Teraz szafki wybieram różnie, zależy, raczej nie ma tłoku, więc idę tam, gdzie – jeśli nie nie ma nikogo – jest najmniej twarzy. Oswoiłem już się i nie zachowuje przesadnie „dziko”. I wcześniej nie gryzłem, ale obcość swoją względem maszyn i ludzi, oraz obcość ludzi i maszyn do mnie czułem wyraźnie. Zmiękczyłem tą relację. Nie zawsze nam po drodze, ale jak się spotykamy i siłownia jest na swoim miejscu, i ja gościem jestem mile widzianym a nie narzucającym się.
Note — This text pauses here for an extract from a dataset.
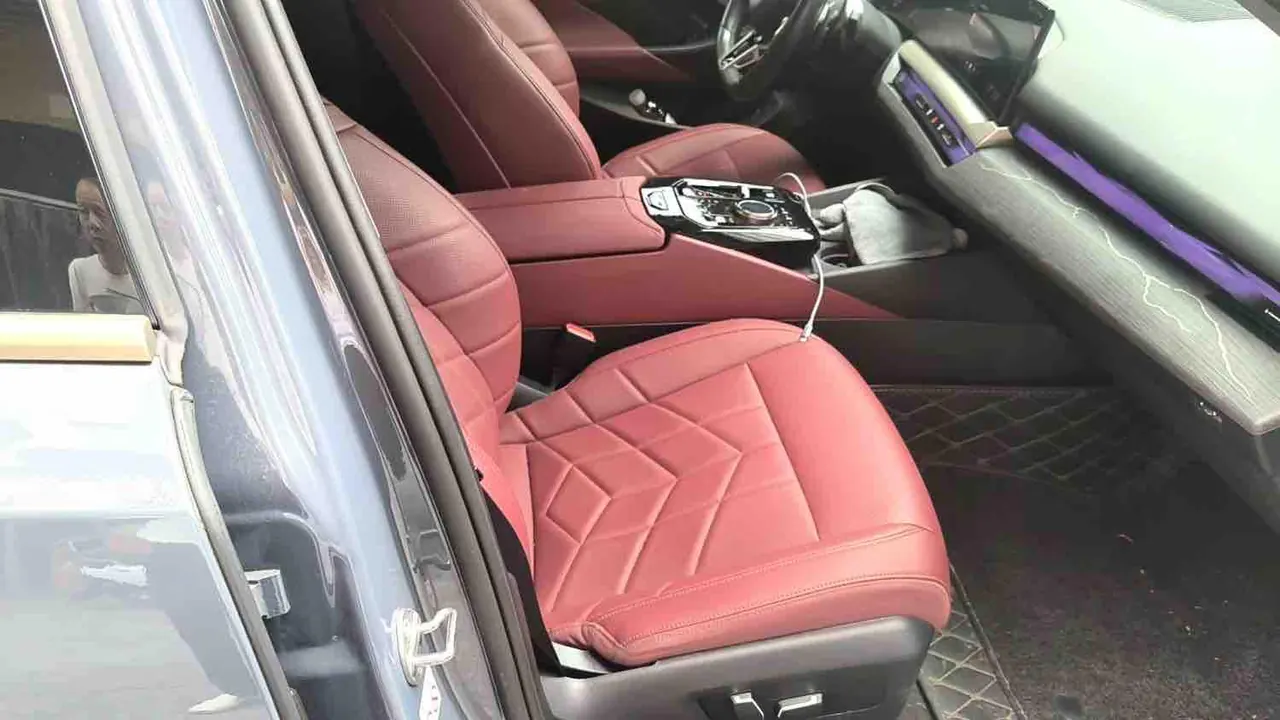 BMW 5 Series 2024 model 530Li 48V 2.0T Leading Edition M Sport Package Automatic 3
Kilka razy z rzędu zdarzyło się ostatnio, wybierałem szafki w rządku z numerami jakoś od czterdziestu do dziewięćdziesięciu. Można spokojnie się przebrać, obejrzeć w lustrze przed „pakowaniem” i z pewną już – pozorna sprzeczność – wypracowaną naturalnością udać na sale ćwiczeń, ale jak zapamiętać, do której z licznych szafek włożyłem łachy? W której z wielu szafek od 51 do 99, z zapamiętanego nawet rzędu zostawiłem wierzchni odzień? Zapamiętuję rocznikami…
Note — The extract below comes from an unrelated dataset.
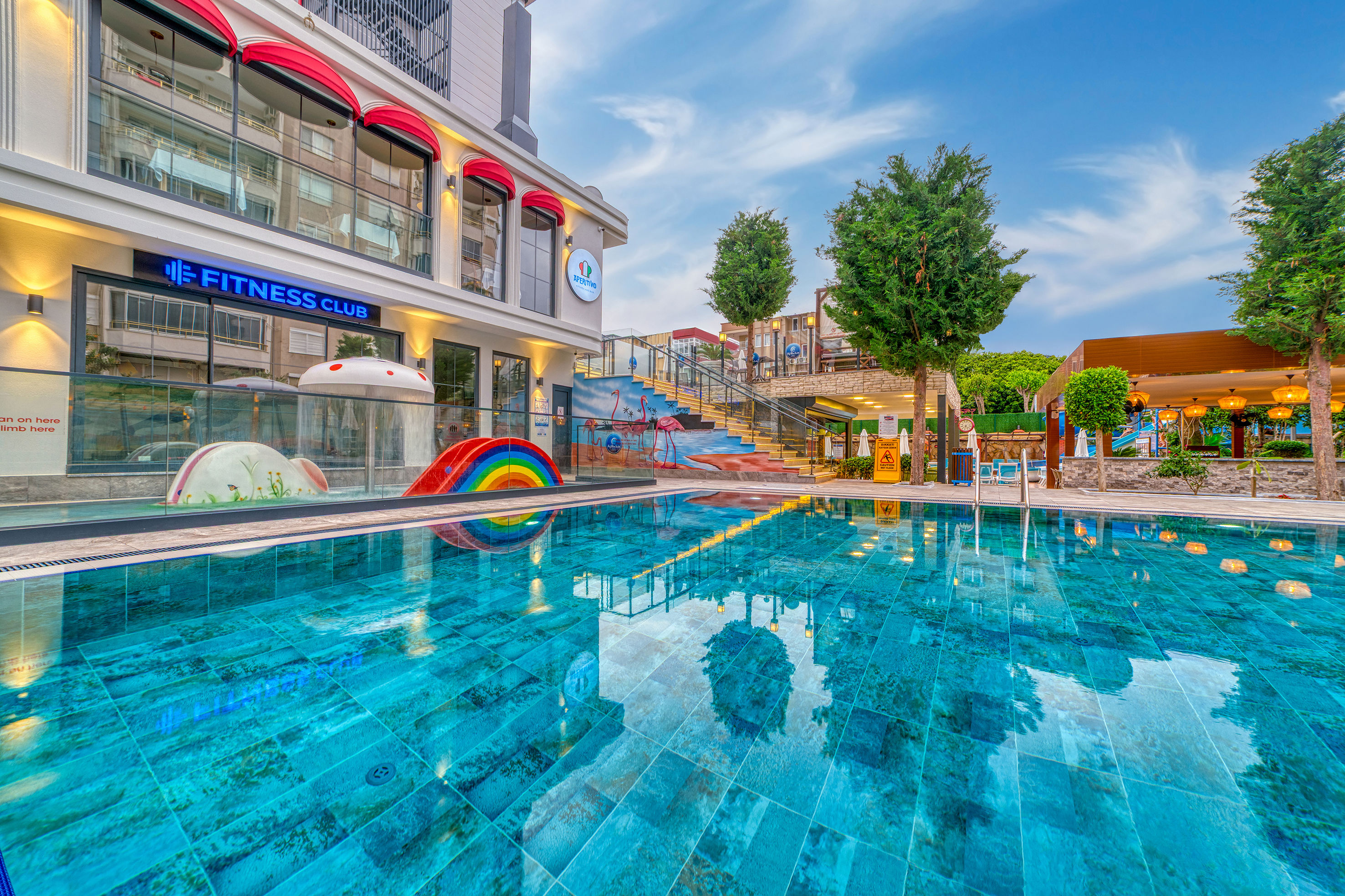 Club Big Blue Suite Hotel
Kiedy wybieram szafkę numer pięćdziesiąt ileś, biorę na tapetę dekadę, lata od 1950 do 1959. Jeśli decyduję się na szafkę 63, planuje po treningu otworzyć tą z numerem wyznaczającym rok, w którym przydarzyła się jedna z licznych w tym wieku zim stulecia oraz Pierwszy Krajowy Festiwal Piosenki Polskiej w Opolu.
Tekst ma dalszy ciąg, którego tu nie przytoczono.